How many times have you heard it? “Tell me something I don’t know.” “Give me your best creative ideas.” “I want a concept that people will be talking about.”

It doesn’t matter if you’re inside an organization or sitting in an agency – there is a never-ending desire and need for differentiation. Whether it’s a company, product, or person, engaging and persuading stakeholders often involves thoughtful, clever marketing. The problem, though, is that creativity is both misunderstood and dropping in supply.

Although LinkedIn reported that “creative” was the most overused term in on-line profiles(Ceyhan, Simla, “Buzzwords 2011: Who’s been ‘creative’ and ‘effective’ this year?,” December 13, 2011), a survey released in 2010 by IBM of more than 1,500 CEOs from 60 countries and 33 industries emphasized that even “more than rigor, management discipline, integrity, or even vision—successfully navigating an increasing complex world will require creativity.” Creativity was cited by 60 percent of the CEOs as the most important attribute; integrity was next at 52 percent (2010 IBM Global CEO Study). With such a high premium placed on creativity, the CEOs in the survey signaled some concern because less than half of them “believe their enterprises are adequately prepared to handle a highly volatile, increasingly complex business environment.”

This may not be just a staffing problem. It may also mean that there are not enough creative thinkers to go around. Indeed, there is some evidence to suggest that we may be heading for a creativity crisis. A review of nearly 300,000 creativity tests, also called Torrance scores, of children and adults collected over several decades showed that American creativity has been declining since 1990 (Attributed to Kyung-Hee Kim in P. Bronson and A. Merryman, The Creativity Crisis, Newsweek, July 19, 2010. These tests were based on the work of the late E. Paul Torrance, an educational psychologist best known for his research on creativity).

Yet, creativity is in the eye of the beholder. There’s more than one definition and more than one way that creativity can lead to a successful outcome. Still, we must ensure that our educational system emphasizes idea generation and problem-solving techniques in addition to the more traditional memorization and drills.
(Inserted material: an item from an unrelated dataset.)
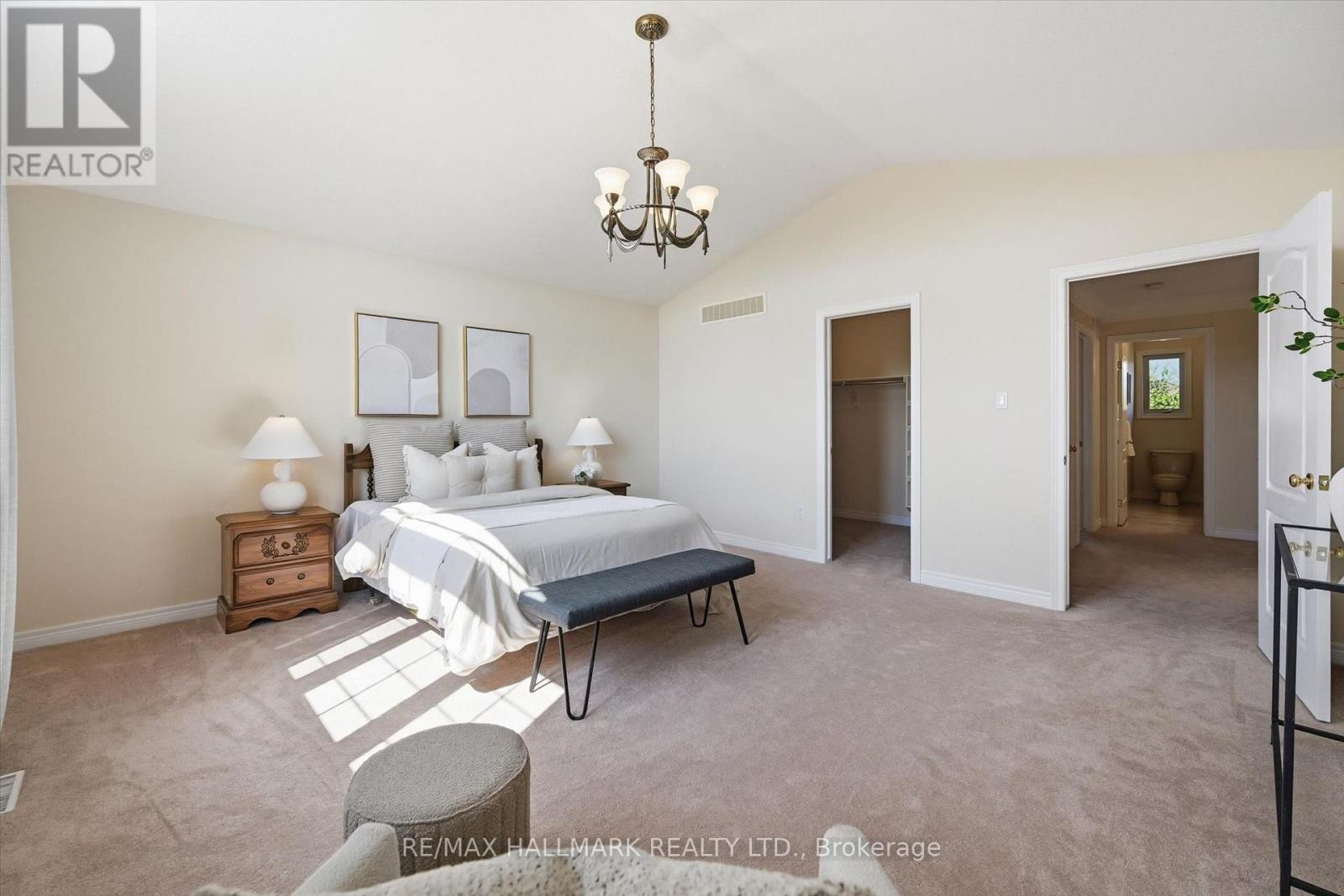 82 Second Road W Property Photo 31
Recognizing the importance of creativity, some advertising and public relations agencies have elevated people into positions such as chief creative officer. You may have also seen the titles creative guru, creative ninja, or even head of creation (which may get an argument from, shall we say, a higher authority). That’s all fine but I have known a few who took their titles to mean that creativity was their personal domain and theirs alone. These individuals would go into seclusion so they could develop “the big idea.” Then, they presented their concepts as a fait accompli, like Athena bursting out of Zeus’s head fully armored and ready for battle. We want and need exceptional thinkers on our team, but they sometimes rail against process and fail to realize that there is, or should be, a team. Without good leadership from the “creative types,” the other human resources in the organization will be wasted and demoralized.

While meeting the business objective is the ultimate measure of success, it’s been known that the quest to be creative sometimes becomes the objective in itself. In the drive to knock the socks off of the client, or win an industry award, the true customer – the end-user – is forgotten. We need to spend more time orienting on the audience, reminding ourselves of the real prize. As King Arthur said when he rose to power, “I don’t think things ought to be done because you are able to do them. I think they should be done because you ought to do them” (White, T.H., The Once and Future King, p. 246).

As a fan of the Arthurian legends, I was taken aback by a comment made about his style of thinking toward the end of his life: “The old man had always been a dutiful thinker, never an inspired one” (White, T.H., The Once and Future King, p. 630). What was meant by this? Was it an insult? Was there an implication that dutiful thinking was inferior to creative thinking? The truth is we need both. A dutiful thinker is a habitual thinker, one who is always observing, searching for solutions, and attempting to anticipate the future. The creative spark is precious but dutiful thinking, steady and stepwise, is a virtue of its own. Sometimes we can get to the goal line in one play. More often, though, progress is made in important, incremental steps that ultimately add up to the win. As Merlin, Arthur’s mentor, told him, “…the only thing worth doing for the race is to increase its stock of ideas” (White, T.H., The Book of Merlyn, p. 11).

The creativity deficit could be reversed in short order if more people adopt the concept of marrying dutiful with inspired thinking. Getting ourselves and others to think a bit more and a bit more regularly is surely a lot easier than other New Year’s resolutions we’ve proclaimed and then later abandoned. It’s interesting to note, too, that habitual thinking is a form of mental exercise that, over a lifetime of consistent contemplation, changes our neurological patterns (R. E. Jung et al., “Biochemical Support for the ‘Threshold’ Theory of Creativity: A Magnetic Resonance Spectroscopy Study,” Journal of Neuroscience 29:16 (2009): 5319–5325 | R. E. Jung et al., “Neuroanatomy of Creativity, Human Brain Mapping,” Journal of Neuroscience 31:3 (2010): 398–409).

More time thinking helps to remodel our brains so that we get better at thinking. If only weight loss and getting in better shape were this painless!